Posted in OVID.tv, What's Streaming? by - February 22, 2023
Bad Priests: Our Review Of ‘One Step Behind the Seraphim’

There aren’t a lot of films that choose seminaries as their setting. We get those one every two years, if that. Even then, viewers have a lot of expectations when it comes to such films. But in writing that, Daniel Sandu’s One Step Behind the Seraphim justifies all the expectations that he subverts. Instead of a bunch of young nerds, he populates his film with characters just like himself and the people he went to the seminary with. These characters are young men taking advantage of the seminary’s secret rooms to participate in antisocial behaviour.

A film rife with betrayal, Sandu’s protagonist and stand in is Maris Gabriel (Stefan Iancu), a malleable freshman prone to cynicism and disillusionment. One of the deviant seniors (Toto Dimitrescu) takes a shine to him. He takes Maris out to skip class and hang out in poolhalls with women his age. One Step successfully sells his viewers a few layers into this already wacky premise. One is that Maris is the good guy. The second is the villain is the seminary’s two-faced headmaster (Vlad Ivanov) who tries to catch them in the act and expel them.

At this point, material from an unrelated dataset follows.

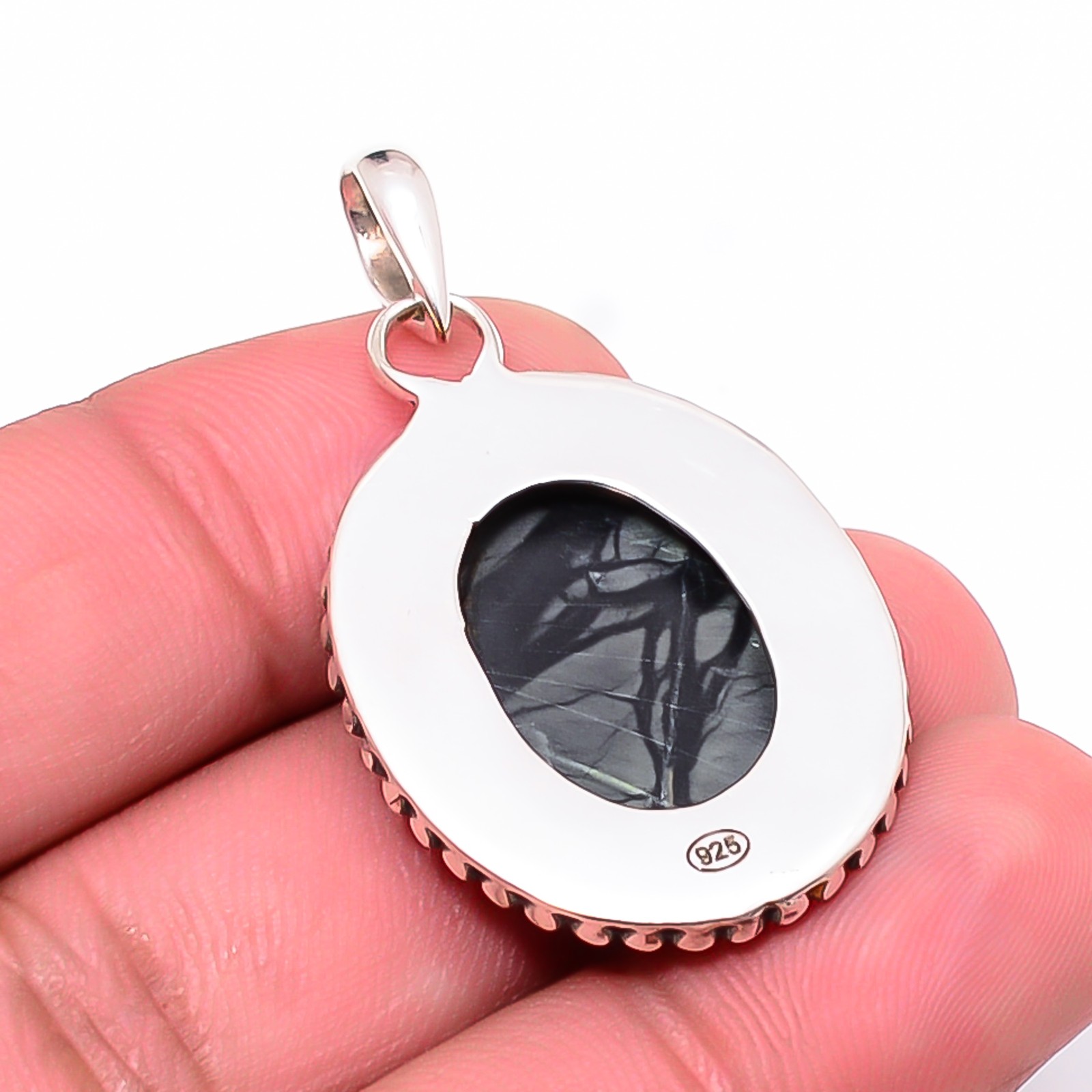 Picasso Jasper – Utah Designer Handmade 925 Sterling Silver Pendant 1.56″ P11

The reason why I consider One Step‘s multilayered premise is weird in a good way is that there’s the expectation that these seminarians want to become priests. The should take the Romanian Orthodox Church’s anti-secular propaganda in face value. Instead of that, it shows these young men barley handle their alcohol. And yes, writing those previous sentences puts the film’s worldview in perspective. The film also shows its story within the larger themes of recent Romanian history. That old religion and young secularism vie for control in a country experiencing a power vacuum.

Sandu also shows that Maris’ generation are seeing previous ones contradict its moral values. The headmaster wants his seminarians to be pious and enforces that by all means necessary. Meanwhile, some of the seminary’s board members teach the young men how to take financial advantage of their positions with the church. Eventually, the seminary sends Maris to the village where he shall perform his duties for the rest of his life. And all of the cinematic elements in those scenes as well as the ones after it show how powerless he is. That he can’t change that village for the better.

The kind of Romanian cinema that gets into small release in North America is full of experimentation, leading to recently diminishing returns. One Step, seemingly, is on the opposite side of the spectrum. A lot of the elements feel mainstream. It has a youthful vibrancy and a score that takes viewers back to the film’s 1990s setting. And yet, it fills its 150 minute running time with enough intrigue. This is one of the films where it’s so wrong that it’s right. It also helps that Iancu and Ivanov’s performances have arcs showing us that good and evil is not in what one believes, it’s how one behaves.

Watch One Step Behind the Seraphim on OVID.

This post was written by
While Paolo Kagaoan is not taking long walks in shrubbed areas, he occasionally watches movies and write about them. His credentials are as follows: he has a double major in English and Art History. This means that, for example, he will gush at the art direction in the Amityville house and will want to live there, which is a terrible idea because that house has ghosts. Follow him @paolokagaoan on Instagram but not while you're working.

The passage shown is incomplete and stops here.